When you reach the line with "Satin image 2025", transcribe it and each line after it through the last one below, exactly. Pictures stay out.

(Saved entries)
------------------------------
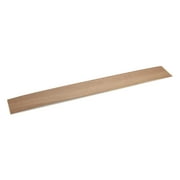 Woodcraft Black Walnut 1/16" X 3" X 24" 1-Piece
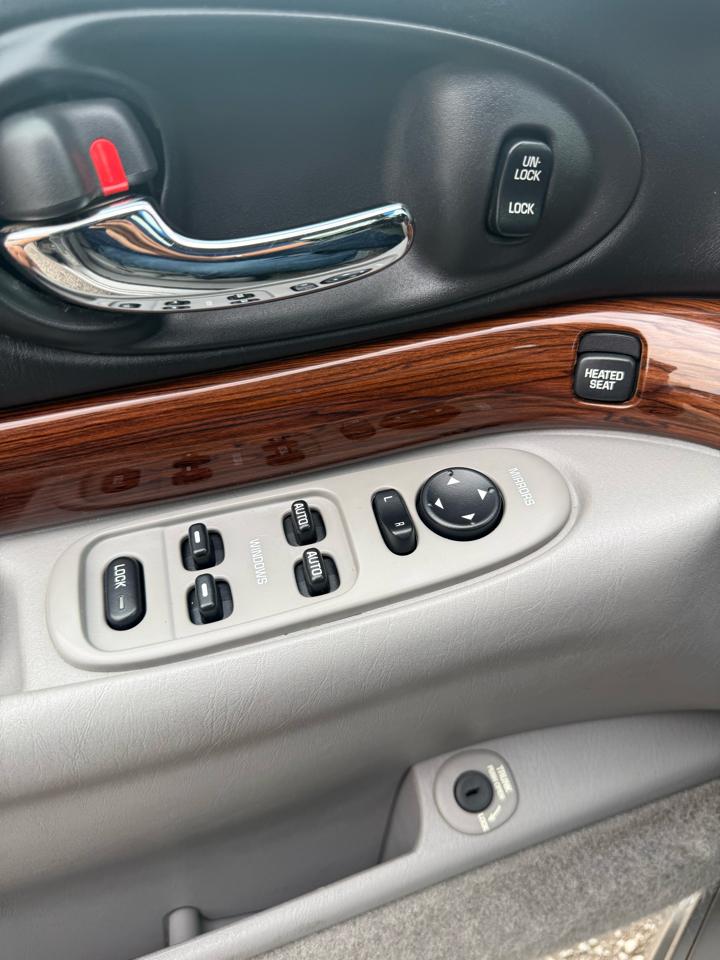 Buick LeSabre Custom 2004
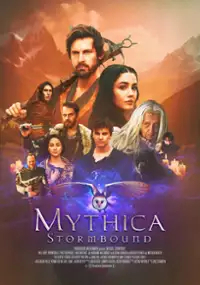 Plakat filmu Mythica: Stormbound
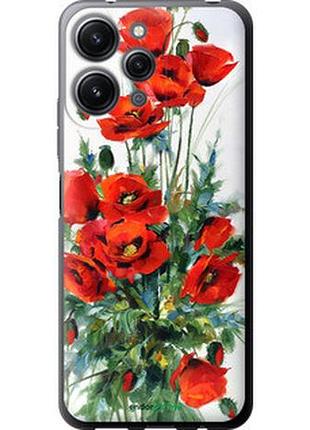 Чехол на xiaomi redmi 12 маки "523u-3114-2448"
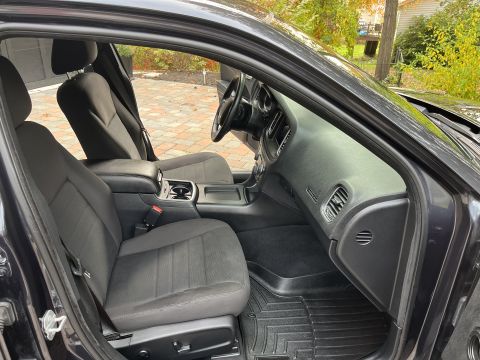 2001 Ford Crown Victoria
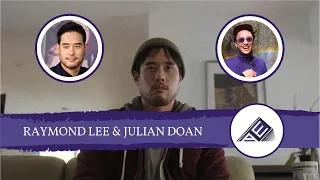 Raspberry (Short) Interview: Raymond Lee and Julian Doan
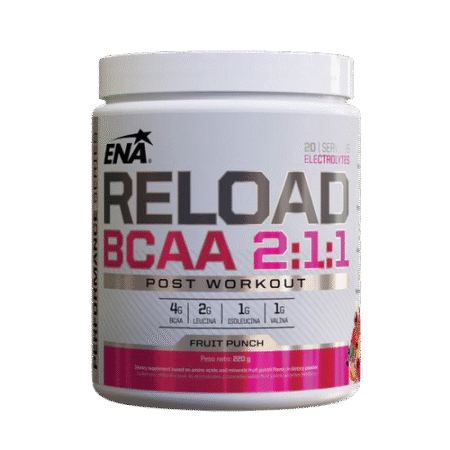 RELOAD ENA X 220 GR - FRUIT PUNCH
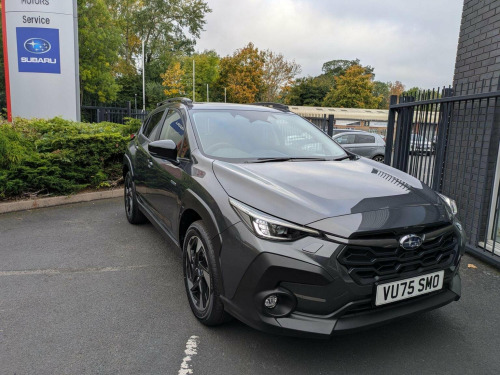 Subaru Crosstrek  2.0 i e-Boxer Touring Lineartronic 4WD Euro 6 (s/s) 5dr 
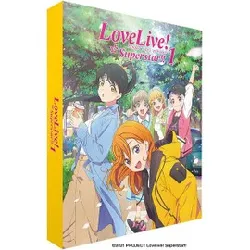 blu-ray love live! superstar!! - intégrale saison 1 - édition collector - de takahiko kyogoku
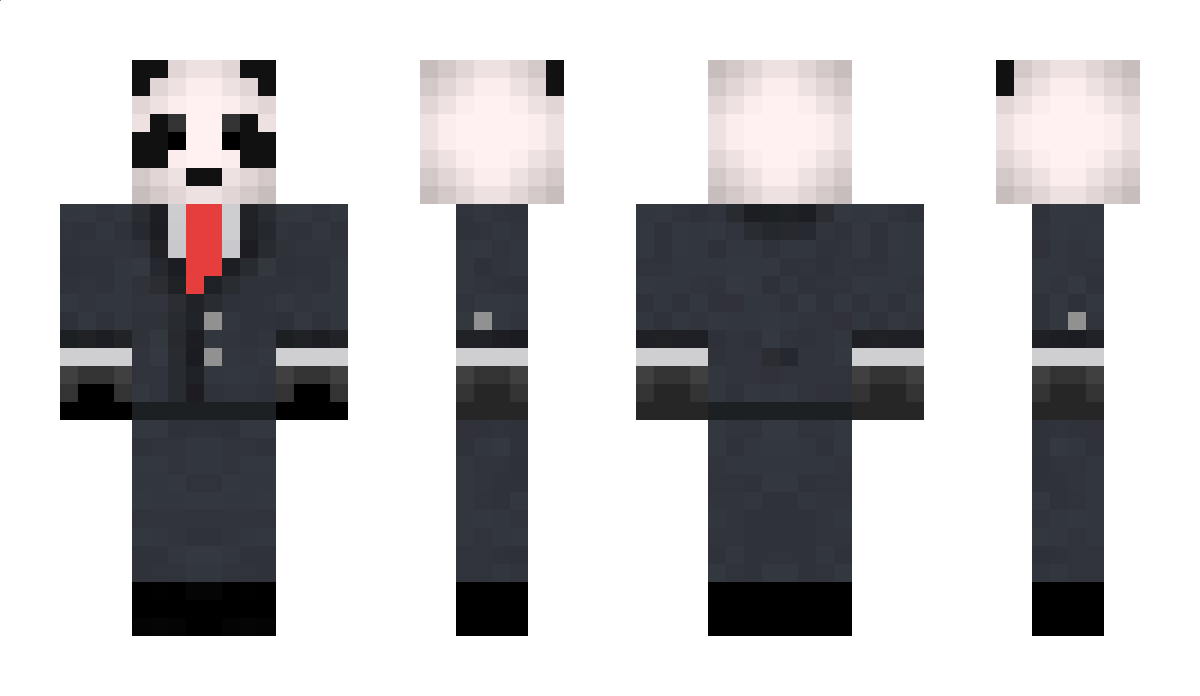 AlexManDude Minecraft Skin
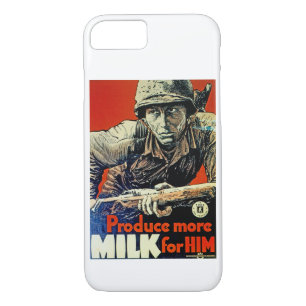 Produzieren Sie mehr Milch für ihn Case-Mate iPhone Hülle
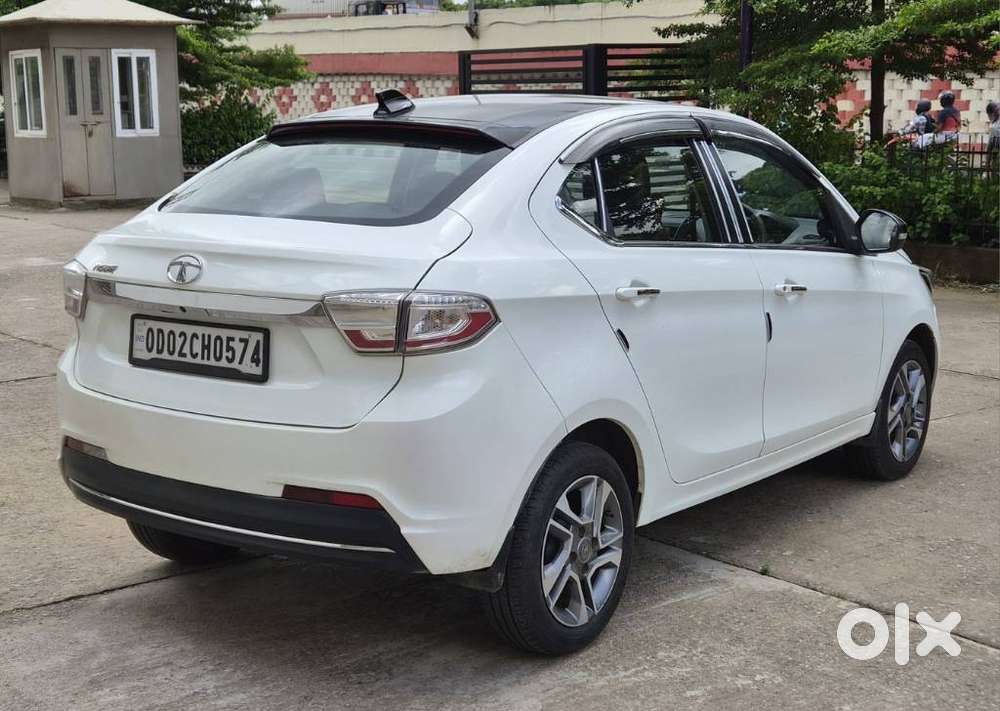 Tata Tigor 1.2 Revotron Xz Plus, 2023, Petrol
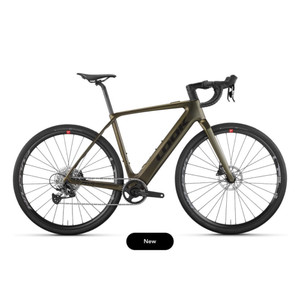 2025 Look E-765 Gravel Apex 1X - Metallic Hope Green Satin image 2025 Look E-765 Gravel Apex 1X - Metallic Hope Green Satin image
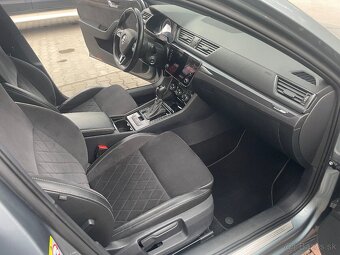 Skoda superb 3 sportline 2018 - 12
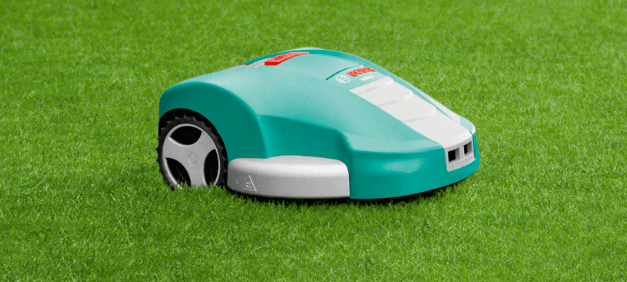robotplæneklipper test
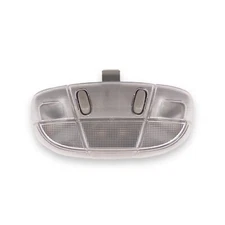 2002-2017 Ford/Lincoln/Mercury Gray Overhead Center Dome Roof Map Light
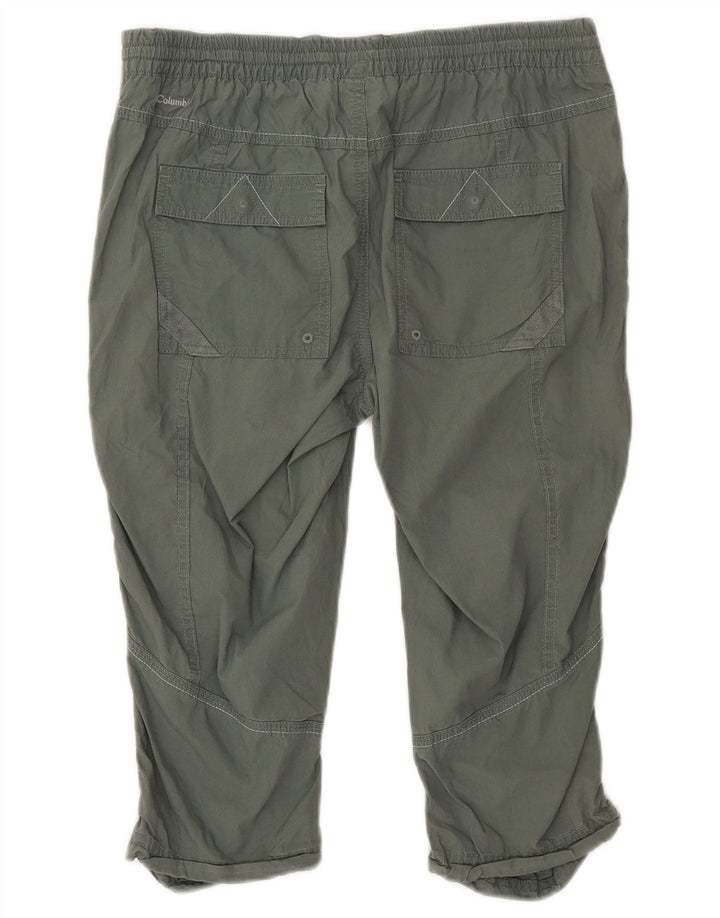 Columbia Climalite Bermuda W33 Femme Vert Taille L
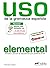Uso de la gramatica. Nivel elemental. by Francisca Castro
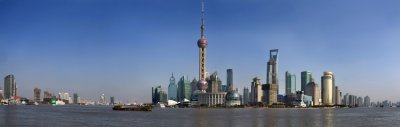 Shanghai Panoramic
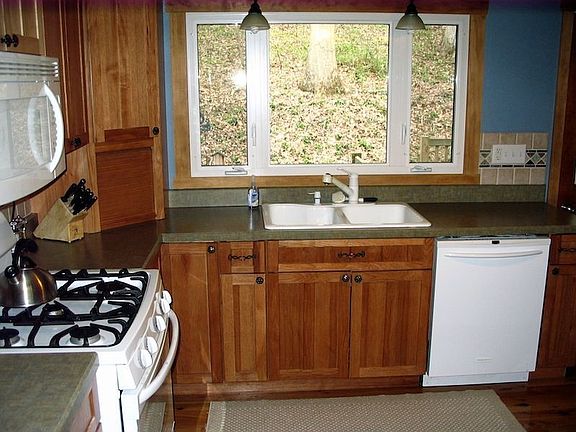 Remodeled Kitchen
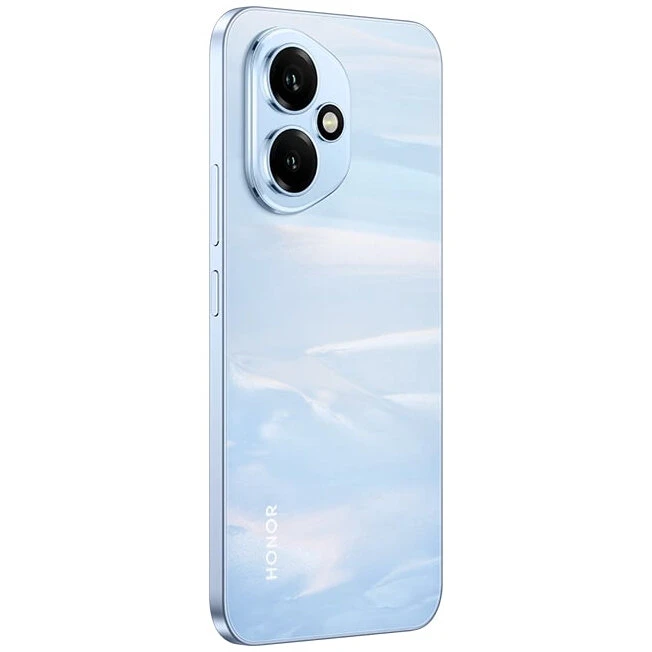 Смартфон HONOR 400 12/512GB Голубой (Tidal Blue)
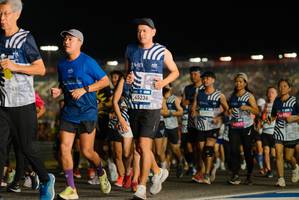 BIB: 
                            <button type="button" onclick="openModal(23242809)" class="btn btn-primary btn-sm float-right btn-popup" data-toggle="modal" data-target=".modal-high-quality">
                        <i class="fas fa-shopping-cart"></i> Add to Cart
                    </button>
                                            <button type="button" onclick="isThisMe(23242809, true)" class="btn btn-success btn-sm float-right btn-popup btn-isme hidden" data-toggle="tooltip" data-placement="bottom" title="นี่คือรูปของคุณใช่ไหม คลิกที่นี่เพื่อเอาเข้าอัลบั้ม">
                        <i class="fas fa-plus"></i> Add to album
                    </button>
                    <button type="button" onclick="isThisMe(23242809, false)" class="btn btn-warning btn-sm float-right btn-popup btn-isnotme hidden">
                        <i class="fas fa-ban"></i> Remove from album
                    </button>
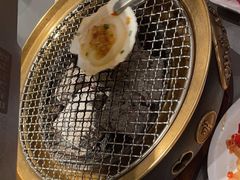 -山焱·炭火自助烤肉(周浦万达店)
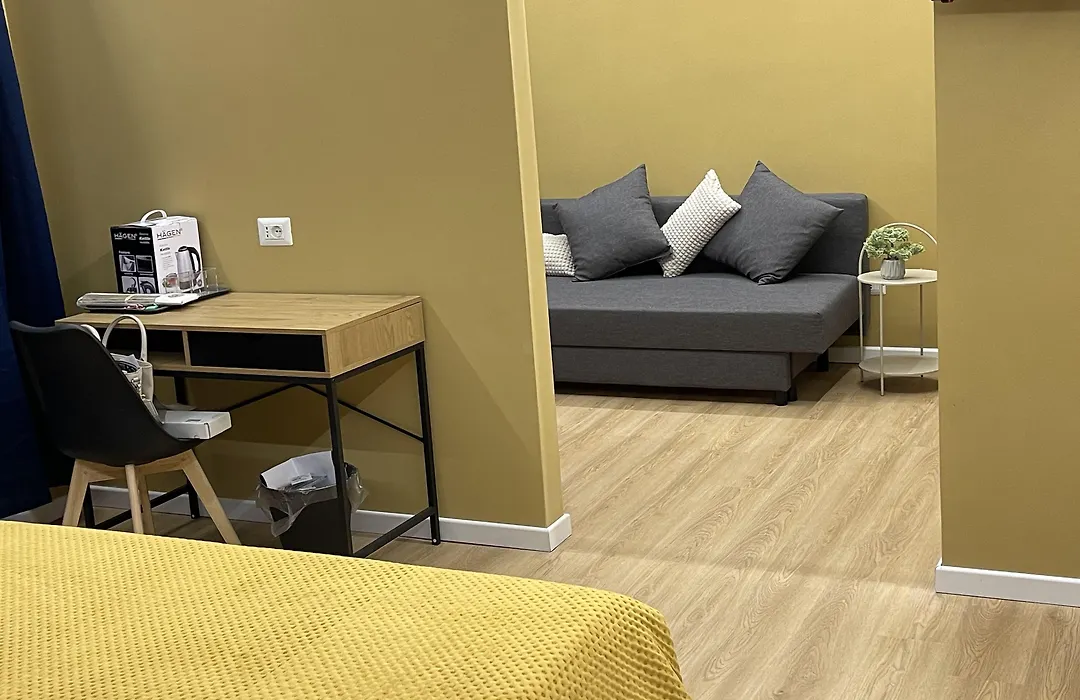 Vomero Suite And Deluxe Room B&B Napoli-1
------------------------------
■ Response ■
 2025 Look E-765 Gravel Apex 1X - Metallic Hope Green Satin image 2025 Look E-765 Gravel Apex 1X - Metallic Hope Green Satin image
 Skoda superb 3 sportline 2018 - 12
robotplæneklipper test
 2002-2017 Ford/Lincoln/Mercury Gray Overhead Center Dome Roof Map Light
 Columbia Climalite Bermuda W33 Femme Vert Taille L
Uso de la gramatica. Nivel elemental. by Francisca Castro
 Shanghai Panoramic
 Remodeled Kitchen
 Смартфон HONOR 400 12/512GB Голубой (Tidal Blue)
 BIB: 
                            <button type="button" onclick="openModal(23242809)" class="btn btn-primary btn-sm float-right btn-popup" data-toggle="modal" data-target=".modal-high-quality">
                        <i class="fas fa-shopping-cart"></i> Add to Cart
                    </button>
                                            <button type="button" onclick="isThisMe(23242809, true)" class="btn btn-success btn-sm float-right btn-popup btn-isme hidden" data-toggle="tooltip" data-placement="bottom" title="นี่คือรูปของคุณใช่ไหม คลิกที่นี่เพื่อเอาเข้าอัลบั้ม">
                        <i class="fas fa-plus"></i> Add to album
                    </button>
                    <button type="button" onclick="isThisMe(23242809, false)" class="btn btn-warning btn-sm float-right btn-popup btn-isnotme hidden">
                        <i class="fas fa-ban"></i> Remove from album
                    </button>
 -山焱·炭火自助烤肉(周浦万达店)
 Vomero Suite And Deluxe Room B&B Napoli-1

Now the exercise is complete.